The negative effects of IBI are also exhibited through the decrease in NO levels (0.0013, 0.013, and 0.13 µg·L−1) (Fig. 5B). Increased ROS levels lead to a reduction in NO levels via chemical inactivation as NO possesses a scavenger capacity (Pierini and Bryan 2015). The decrease in NO levels is related to endothelial dysfunction, such as thrombosis and vascular inflammation (Förstermann 2010). In chronic exposure and at sublethal concentrations of IBI, Ismael et al. (Ismael et al. 2021) also detected a decrease in NO levels.
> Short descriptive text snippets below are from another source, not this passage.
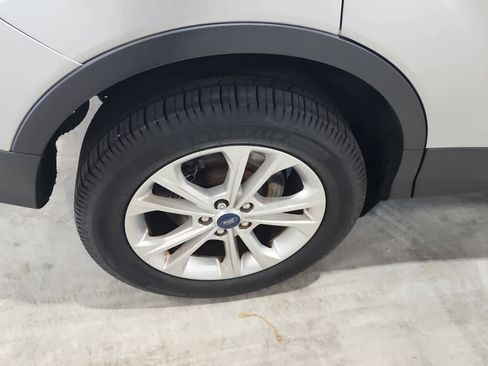 Used 2019 Ford Escape SE image 14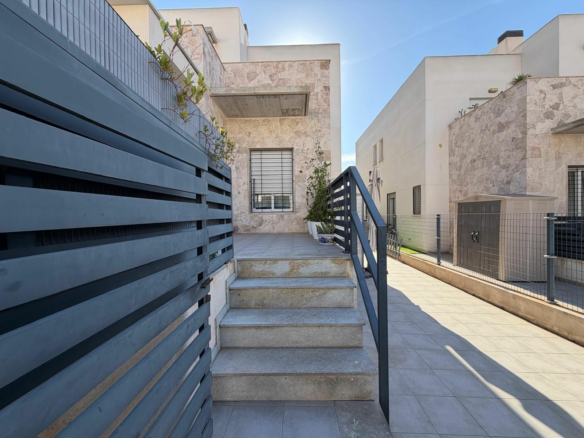 3-bedroom House In Torrevieja, Spain (197 M²)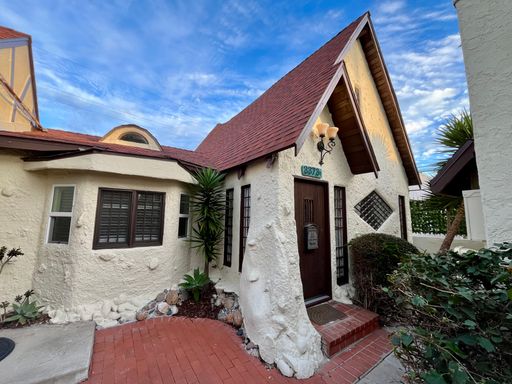 Upcoming 2 Bed/1 Bath With Bonus Room Loft – photo 1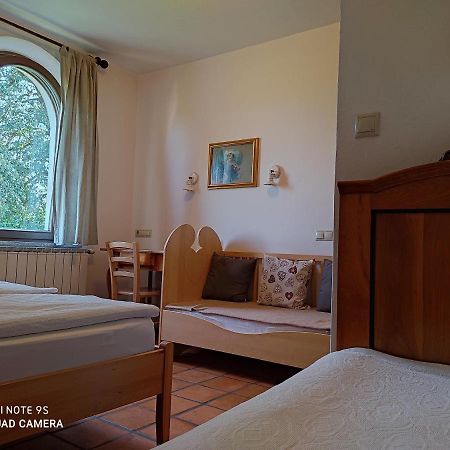 Bed & Breakfast Na Poljani Bed & Breakfast Kranj Exterior photo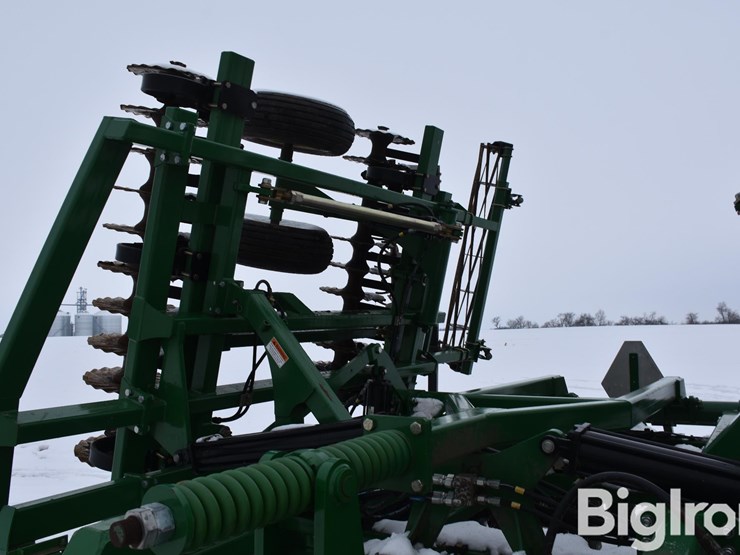 great-plains-2400tm-image-13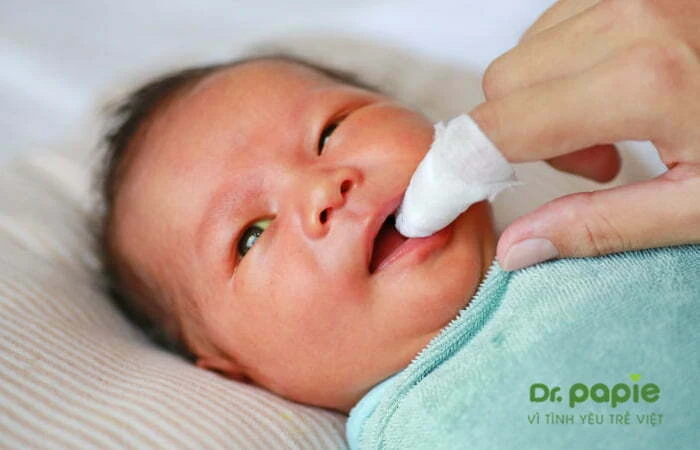 Vệ sinh răng miệng cho trẻ sốt mọc răng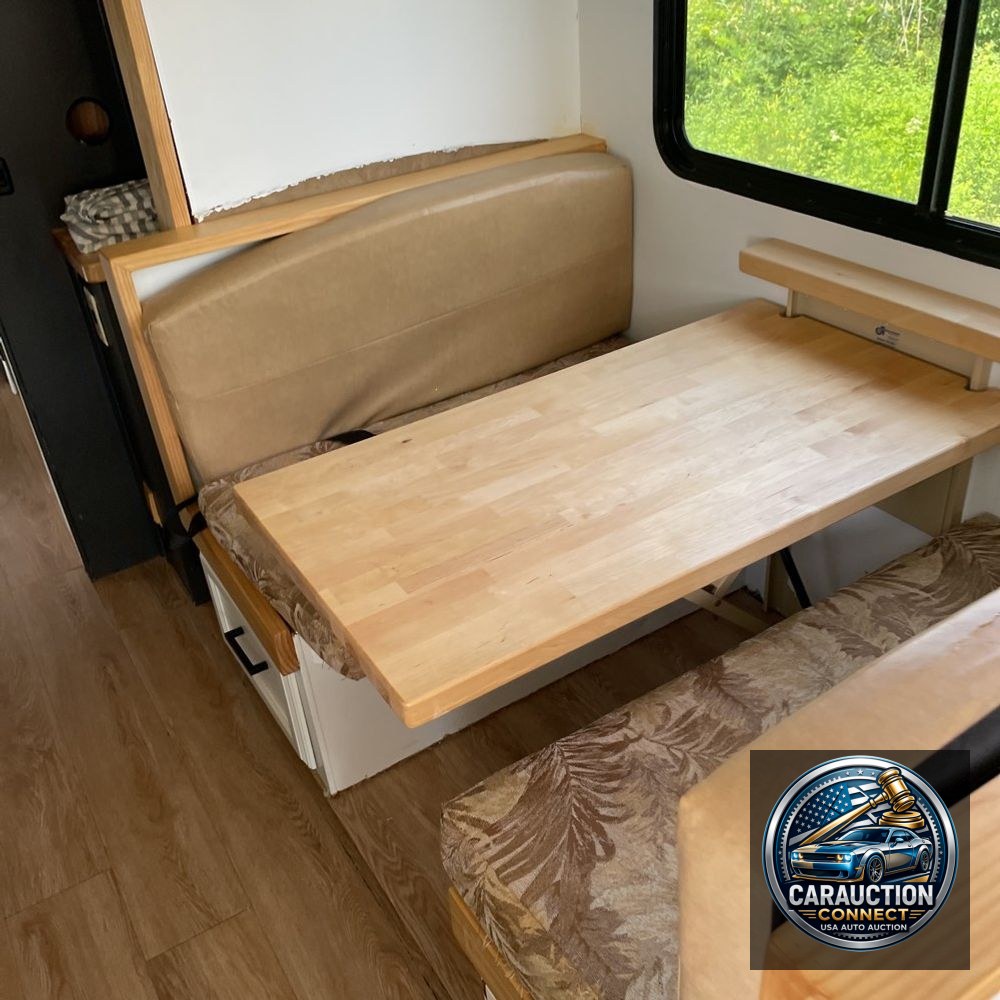 2013 Ford Powersports Coachman
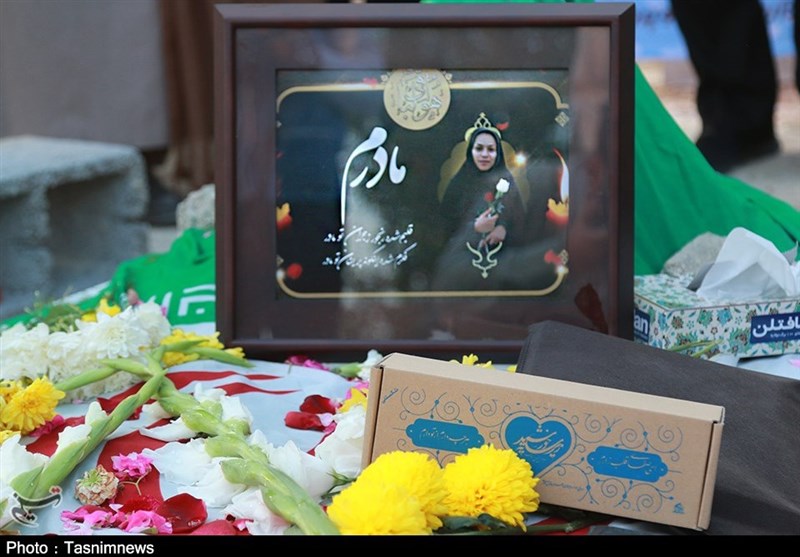 دهه کرامت  , 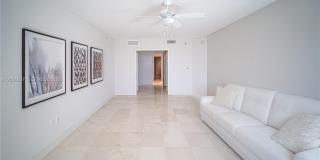 20201 E Country Club Dr Gallery 37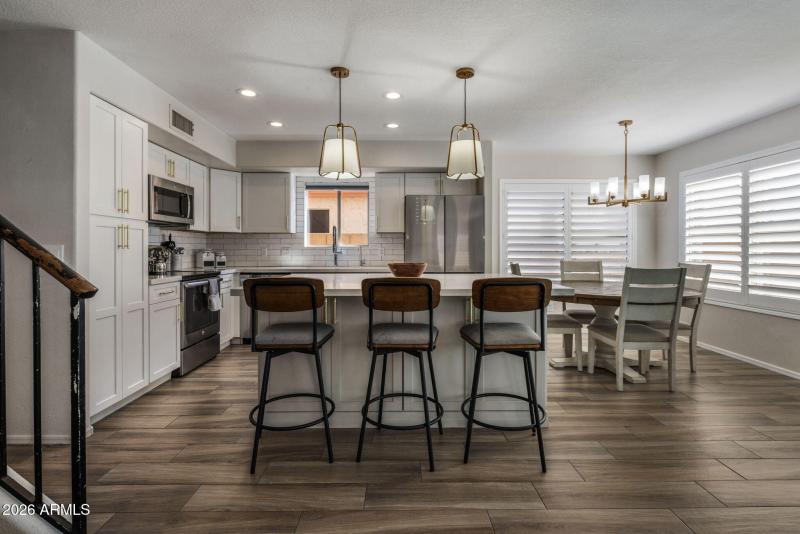 Kitchen with Large Island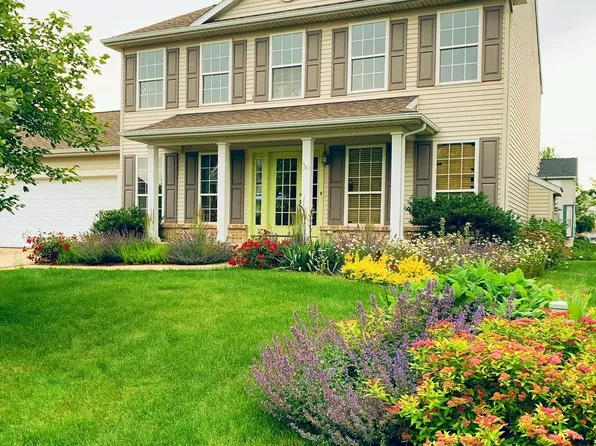 3705 S Falling Leaf Dr SE, Kentwood, MI 49512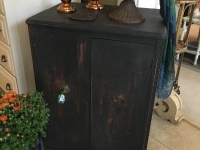 Vintage cabinet
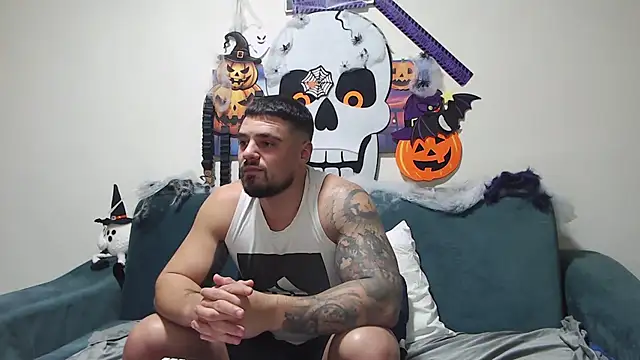 Snapshot of Tiberius_hunk chatting on 11-06-25, 07:04 Tiberius hunk online show from 11-06-25, 07:04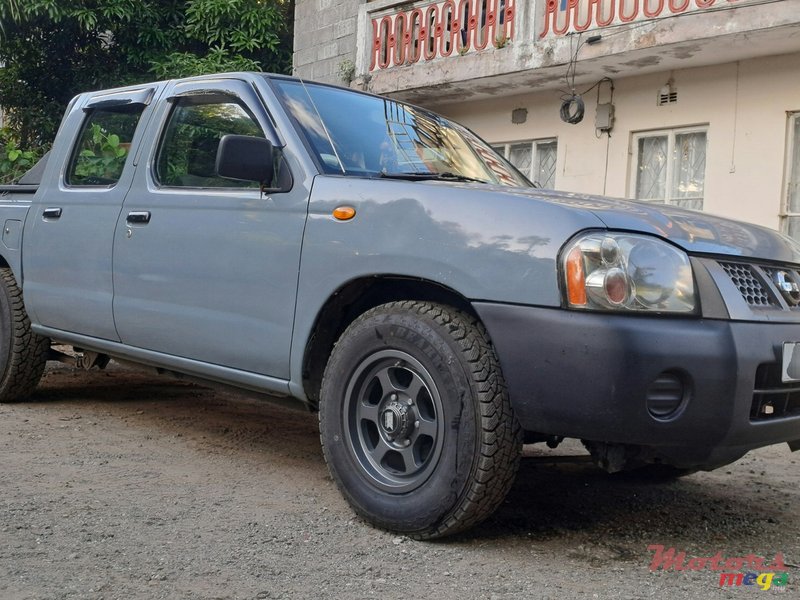 2007' Nissan Navara photo #4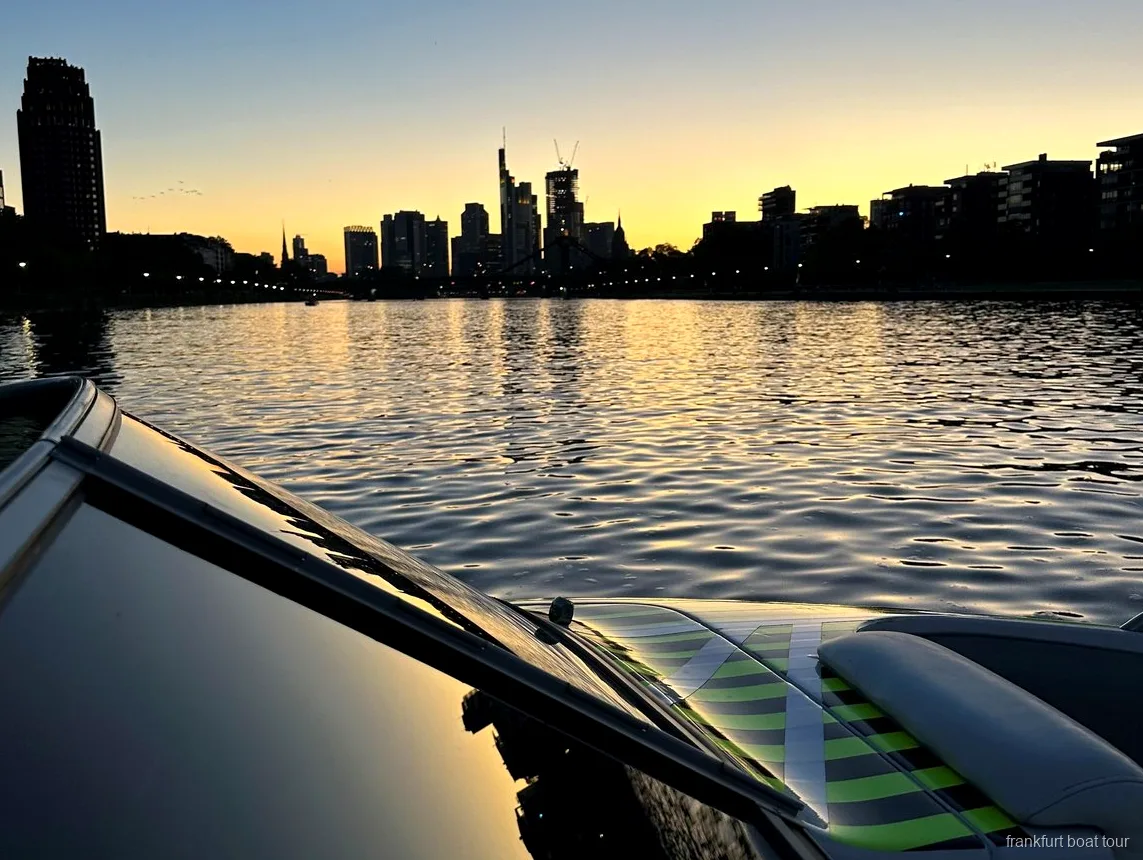 Fahrgäste genießen die Speedboot-Tour Frankfurt nahe der Europäischen Zentralbank
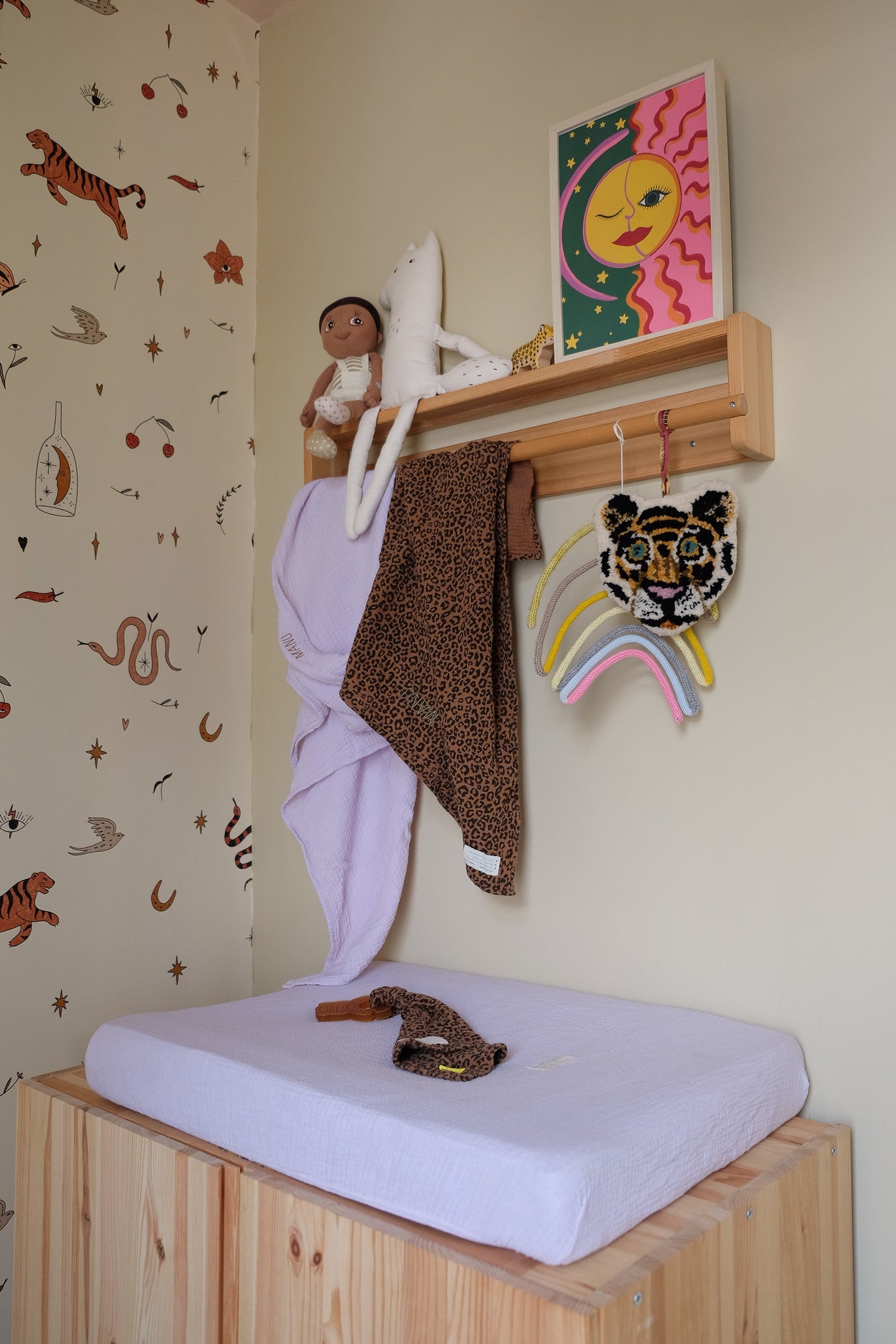 Changing cover lucky lila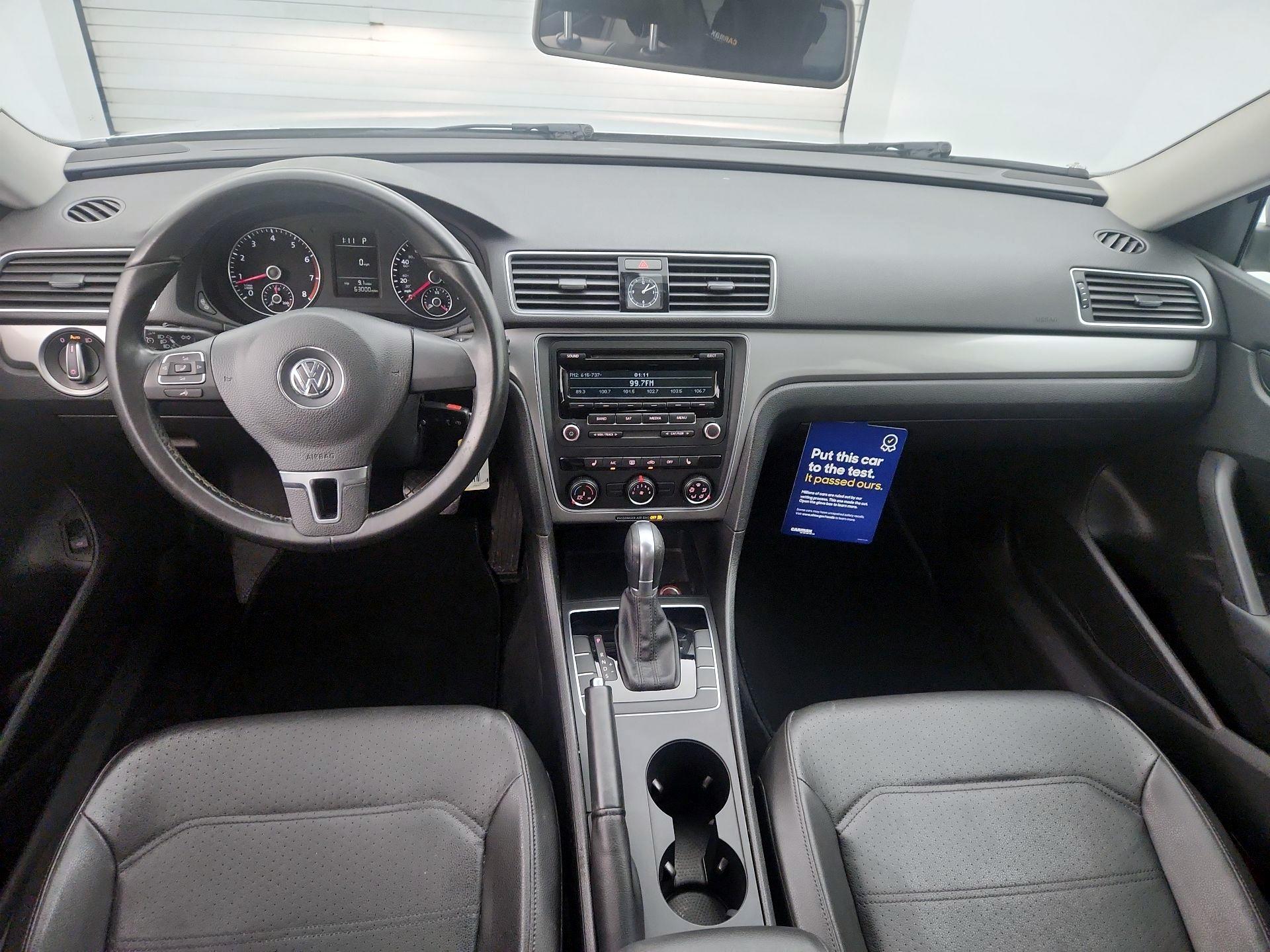 Thumbnail: 2015 Volkswagen Passat - 9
We concluded that the 30-min acute short-term exposure to IBI could disrupt the HPI axis, impair locomotor and behavioral parameters, and unbalance the redox status of the exposed fish. This oxidative damage did not extend to the brain tissue, probably because of the short exposure time. Thus, we hypothesize that the IBI can act similarly to insect nAChR (Abbink 1991; Tomizawa and Casida 2003; Crossthwaite et al. 2017), irreversibly bind to receptors in the neuromuscular junctions of the fish (Vignet et al. 2019), and cause all of these changes. Furthermore, our study reinforces the importance of implementing and developing the 17 sustainable development goals (SDGs) of the United Nations (UN), especially SDGs 6 (guarantee of clean drinking water and sanitation) and 14 (maintenance of life below water). Therefore, we highlight that the animals exposed to IBI in an acute short-term protocol and at environmentally relevant concentrations, which can often occur in the environment, may have lost their protective instincts and consequently make them more susceptible to predation (Chaulet et al. 2019). These sublethal effects and the physiological damages in exposed animals can represent an imminent danger to nontarget species in the environment and aquatic habitats.